Criteria for Selection
A selection committee consisting of Mary-Ann Winkelmes, executive director, Center for Teaching and Learning, representatives from the Committee on Teaching, Learning and Assessment, former Teaching Innovation Grant recipients, and representatives from each school and division will review proposals and make their recommendation to the provost by April 2021. They will evaluate proposals according to these criteria:
- the significance of the project and scale of the need
- the viability of the timeline and budget
- how Brandeis students and educators will benefit from the project
- what artifacts and measures will fully capture and communicate the project’s impact
- how the project’s findings and materials can serve the Brandeis teaching/learning community and any communities beyond Brandeis
Project Support
The Center for Teaching and Learning staff and CTL Scholars, the Library’s Instructional Designers and other Library staff, Student Accessibility Support staff, the Materials Research Science and Education staff and other campus collaborators will offer a variety of instructional design and other services to help you plan, design and implement your innovation. Any questions should be directed to Mary-Ann Winkelmes, executive director of the Center for Teaching and Learning.

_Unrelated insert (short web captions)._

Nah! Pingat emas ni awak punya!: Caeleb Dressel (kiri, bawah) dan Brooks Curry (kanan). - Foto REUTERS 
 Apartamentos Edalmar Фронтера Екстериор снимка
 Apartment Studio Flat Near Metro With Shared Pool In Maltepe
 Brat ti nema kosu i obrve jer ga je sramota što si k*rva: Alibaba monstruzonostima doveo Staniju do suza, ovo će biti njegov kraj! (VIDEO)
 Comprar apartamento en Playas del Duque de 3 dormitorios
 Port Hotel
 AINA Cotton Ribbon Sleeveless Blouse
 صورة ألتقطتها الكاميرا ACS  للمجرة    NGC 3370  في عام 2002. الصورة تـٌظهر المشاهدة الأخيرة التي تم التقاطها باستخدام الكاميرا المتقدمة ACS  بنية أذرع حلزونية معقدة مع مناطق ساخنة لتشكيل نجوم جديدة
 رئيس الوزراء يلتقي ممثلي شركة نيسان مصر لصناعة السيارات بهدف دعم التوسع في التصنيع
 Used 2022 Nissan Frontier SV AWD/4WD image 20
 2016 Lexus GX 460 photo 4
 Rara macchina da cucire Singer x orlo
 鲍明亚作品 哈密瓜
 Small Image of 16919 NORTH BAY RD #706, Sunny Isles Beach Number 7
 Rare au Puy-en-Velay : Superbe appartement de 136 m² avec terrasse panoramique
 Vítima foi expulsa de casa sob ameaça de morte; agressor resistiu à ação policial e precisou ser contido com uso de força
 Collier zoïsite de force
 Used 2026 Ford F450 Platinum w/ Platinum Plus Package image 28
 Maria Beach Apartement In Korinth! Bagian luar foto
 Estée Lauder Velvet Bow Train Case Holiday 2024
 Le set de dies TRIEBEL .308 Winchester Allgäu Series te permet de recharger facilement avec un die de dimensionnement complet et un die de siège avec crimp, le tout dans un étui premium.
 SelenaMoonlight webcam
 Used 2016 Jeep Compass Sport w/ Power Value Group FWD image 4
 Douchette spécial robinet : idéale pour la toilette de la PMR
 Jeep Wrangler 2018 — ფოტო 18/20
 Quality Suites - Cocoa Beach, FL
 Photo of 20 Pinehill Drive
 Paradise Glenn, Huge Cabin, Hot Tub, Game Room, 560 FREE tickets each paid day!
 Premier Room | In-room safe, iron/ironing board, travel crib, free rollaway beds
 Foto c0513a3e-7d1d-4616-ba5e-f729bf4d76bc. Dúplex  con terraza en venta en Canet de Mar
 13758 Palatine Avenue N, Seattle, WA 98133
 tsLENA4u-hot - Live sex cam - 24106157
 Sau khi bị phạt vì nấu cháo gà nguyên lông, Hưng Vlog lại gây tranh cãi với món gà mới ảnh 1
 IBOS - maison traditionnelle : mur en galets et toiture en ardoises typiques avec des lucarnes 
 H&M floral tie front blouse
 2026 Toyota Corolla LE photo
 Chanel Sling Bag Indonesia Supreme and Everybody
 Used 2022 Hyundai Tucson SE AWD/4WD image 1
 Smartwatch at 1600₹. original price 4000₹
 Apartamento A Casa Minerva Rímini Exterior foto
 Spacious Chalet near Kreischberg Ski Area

Proposals are due March 8, 2021.
Access the application form. A copy of the questions from the evaluation form is available here.
Applicants will receive notification by May 2021. Recipients will present their outcomes at a campus wide forum and share their findings on the Center for Teaching and Learning website.
I am very pleased to be able to support Brandeis faculty members through this program and look forward to seeing the impact of these teaching innovations on our educational programs.